Yesterday, Yulia, Suliko, and Amanda had Roman and I over for a wonderful home cooked meal. It was beautiful. It’s hard to explain to Ukrainians that Americans don’t talk to their neighbors. Usually we live very far from the rest of our family. And we live in these physical as well as mental ‘boxes’ we rarely see out of. New England, or at least what’s left of it, still has a concept of family. So does the south – or what’s left of it. But that’s what I love about this country, Ukraine (and their cousins the lovable insanely crazy russians). It’s extremely genuine. I’m incredibly cognizant now of the constant status-warfare that’s the central ambition of american life. And I want nothing at all to do with it. I don’t like the countries that were fully brought into orthodoxy and dominion of the turks. Too much low trust.

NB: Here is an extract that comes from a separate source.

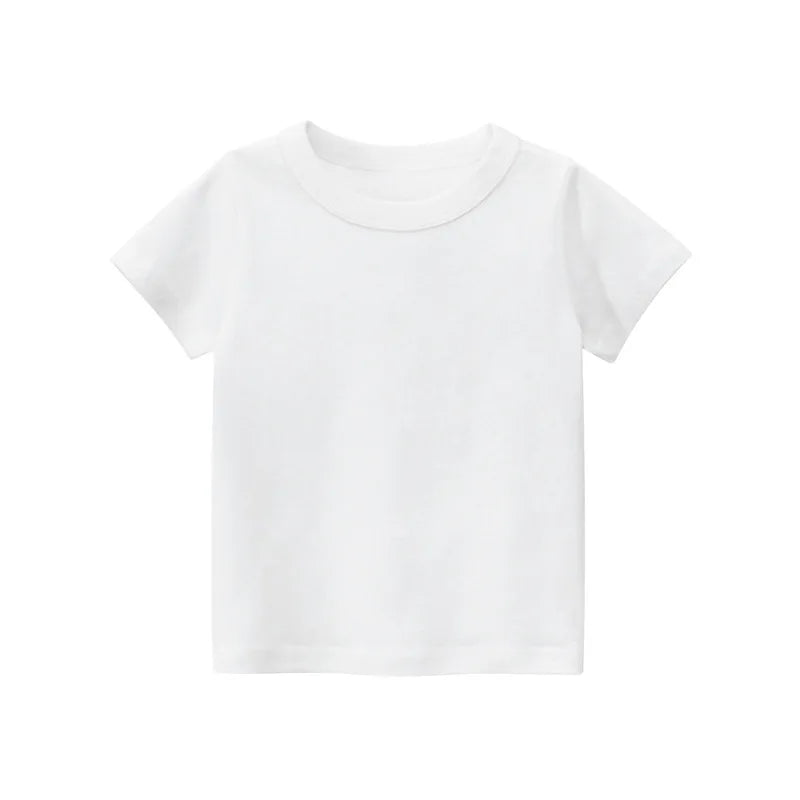 2026 Summer Girls Boys Solid T-Shirts Clothes 100% Pure Cotton Short Sleeve Yellow Red Green Kids UnderShirt Bottomming Clothing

But you don’t see that here in Ukraine. Both the Catholics, Protestants, and the Orthodox ethics are here. and they tended to protect the value of each other somehow.
It’s also helped me understand myself. I am really happy with a backpack, some technology, some nice clothes and a sports car. As a child I felt the same way. I used to think of it as ‘traveling light’ (freedom.) But something happened in college. I felt the need to become wealthy as a status symbol. But the truth is that, after all those serious illnesses, and selling pretty much all my ‘material burdens’, I’m a hell of a lot happier. Of course, being healthy is probably most of it. 🙂
Because i’m free.
I know it sounds trite. Because before I actually HAD all the things people dream of, i wanted them. But AFTER I had them all, I realized that all that matters is the people you spend time with. And that to have good friends you must supply something to the friendship. And if you need ‘things’ to get their attention, then you should probably work on your character and love instead. Because all money did for me is attract parasites and free riders that you must protect your ‘stuff’ from.
Everyone should feel safe. And comfortable. But the data shows that after you make 60K a year, increases in wealth do not bring you happiness. Now, for me, just ’cause I’m an information junkie, it’s more expensive to feed the machine in my head. So that number appears to be about twice as high before I feel ‘comfortable’.
And I really would just laugh at myself ten years ago. But it’s the truth. This is where I ended up. Material shit is a boatanchor. Money is freedom.
Make money. Collect experiences. Collect friends. Collect accomplishments. And leave the ‘stuff’ to the people who only CAN collect stuff.